Intellisync is a corporation duly organized, validly existing and
in good standing under the laws of its respective jurisdiction of
incorporation and is duly qualified to do business as a foreign
corporation and is in good standing in each jurisdiction in which
it is required to do so, except where the failure to so qualify
would not have a Material Adverse Effect on Intellisync, and (ii)
has the requisite power and authority to execute, deliver and
perform this Agreement and to consummate the transactions
contemplated hereby.
5.2 Due Authorization; Binding
Agreement . The execution and delivery by Intellisync of
this Agreement and the performance by Intellisync of its
obligations hereunder and the consummation of the transactions
contemplated hereby has been duly authorized by all necessary
corporate action on the part of Intellisync.
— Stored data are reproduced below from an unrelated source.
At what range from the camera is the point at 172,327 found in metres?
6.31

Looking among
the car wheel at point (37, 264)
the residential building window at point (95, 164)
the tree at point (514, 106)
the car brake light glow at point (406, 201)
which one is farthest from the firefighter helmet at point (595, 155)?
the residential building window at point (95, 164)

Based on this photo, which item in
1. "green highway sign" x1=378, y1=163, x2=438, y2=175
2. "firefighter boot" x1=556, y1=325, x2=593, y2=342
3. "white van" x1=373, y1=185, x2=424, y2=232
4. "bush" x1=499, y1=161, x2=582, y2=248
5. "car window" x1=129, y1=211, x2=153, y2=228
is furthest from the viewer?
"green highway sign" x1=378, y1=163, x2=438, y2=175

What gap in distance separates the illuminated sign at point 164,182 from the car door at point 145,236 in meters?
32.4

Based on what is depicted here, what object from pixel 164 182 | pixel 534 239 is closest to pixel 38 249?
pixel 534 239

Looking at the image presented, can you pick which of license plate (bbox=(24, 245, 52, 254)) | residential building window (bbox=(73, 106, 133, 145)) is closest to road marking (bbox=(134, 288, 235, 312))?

This Agreement has
been duly and validly executed and delivered by Intellisync and
constitutes legal, valid and binding obligations of Intellisync
enforceable against Intellisync in accordance with the terms
hereof, subject to applicable bankruptcy, insolvency, fraudulent
conveyance, reorganization, moratorium and similar laws affecting
creditors’ rights and remedies generally and to general
principles of equity (regardless of whether enforcement is sought
in a proceeding at law or equity).
5.3 No Conflicts . Neither
the execution, delivery and performance of this Agreement nor the
consummation of the transactions contemplated hereby will, with or
without the passage of time or the delivery of notice or both, (i)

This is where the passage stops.